Parecía que se estaba agrietando el cascarón. Se abría. Como una semilla que germina.
—Te he dicho que elijas el que quieras —le refrescó la memoria Philip.
Me puso delante el vaso más grande de whisky con soda que he visto en mi vida. Sabía que yo detestaba, o más bien aborrecía, el whisky.
Bebí.
Ada se encogió de hombros y apuró el vaso de un trago. Ella y Philip tenían una especie de acuerdo. Pero Philip quería un compromiso más convencional y Ada no quería desviarse en absoluto de lo que ella consideraba su destino. Además, ahora tenía problemas con su madre, que era la puta más famosa de la ciudad. Lo que quería saber era si el destino ya había terminado de arrojar mierda sobre su familia. Esto hacía que últimamente estuviera irritable, a lo que se sumaba que Philip cada vez estaba más insoportable en lo que a la relación se refería: su único objetivo era el matrimonio. Y ella había comprendido el juego de Harry desde la primera llamada telefónica. Y se había preguntado: «¿Por qué ha tenido que elegirme a mí para esta mierda?». Cuando Philip le había indicado que se sentara con él, estaba desesperada por preguntarle a Harry: «¿Por qué yo? ¿Tan hundida en la mierda me ves ya?». Pero nada más verlo lo entendió todo, y el comprenderlo a él hizo que se sintiera repugnante. ¿Y qué podía hacer con Philip? No podía hacer nada porque no llegaba a comprenderlo. La impacientaba el hecho de que él fuera un punto ciego en su mente.
Entre tanto, Philip había comprado una botella de Gordon y se dedicaba a rellenar los vasos. Yo todavía tenía mi whisky. No podía imaginarme a un negrata bebiendo Southern Comfort a no ser que lo apuntaran a punta de pistola.
Y allí estábamos todos, unos individuos inestables en un país inestable. Una tierra con un corazón astuto y nosotros prestos a ser engañados.

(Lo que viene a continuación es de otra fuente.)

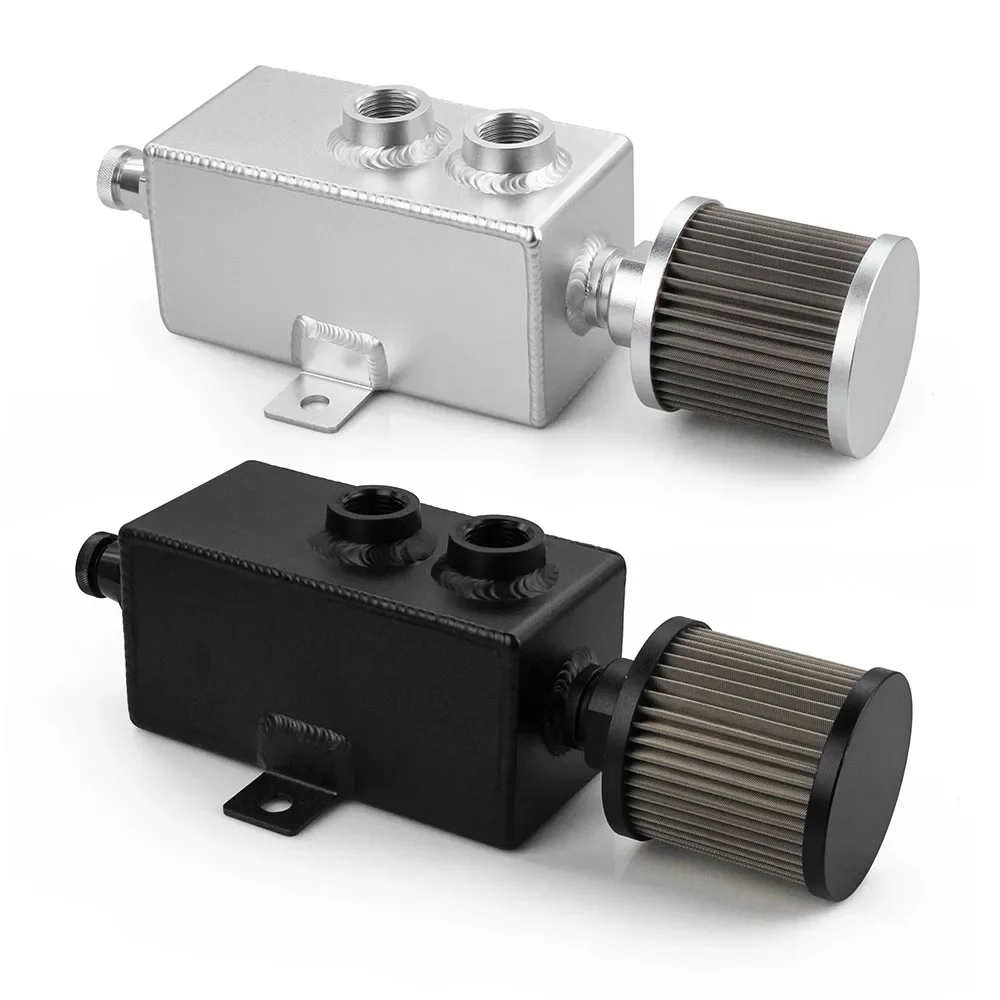 1L 2L 3L Universal Car Aluminum Oil Catch Can Tank Silver Black Fuel Tanks with Breather Filter Drain Tap 1LT 2LT 3LT Bfled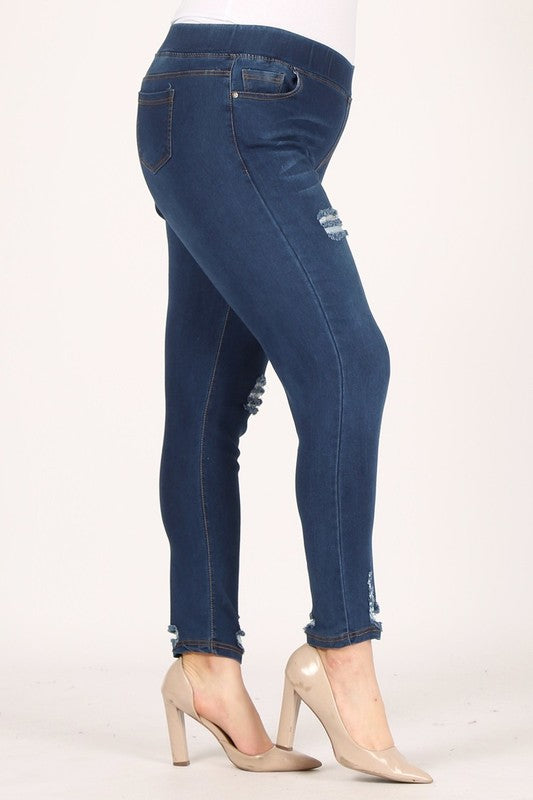 Plus Size High Waist Distressed Jeggings Pants - Tigbul's Variety Fashion Shop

Una atmósfera moralmente corrosiva para la que no éramos más que metales comunes dispuestos a ser corroídos por los ácidos de la madurez.
Y en la mesa, ensartados por los ojos desorbitados de Harry, los dos sobres.
La mirada penetrante de Harry reflejaba una monomanía que solo podía acabar de una manera. Desvié la mirada rápidamente y, cual Sancho Panza, me acabé hasta la última gota de whisky de un trago.
Philip empujó la botella de Gordon hacia mí.
La cogí agradecido y repuse combustible varias veces.
¿Qué esperanza teníamos? ¿Qué futuro nos aguardaba?
Un sonido agudo me desgarró el tímpano.
Sobresaltado, levanté la vista. Al igual que Philip y Ada.
Aquellas enloquecedoras agujas estridentes provenían de Harry.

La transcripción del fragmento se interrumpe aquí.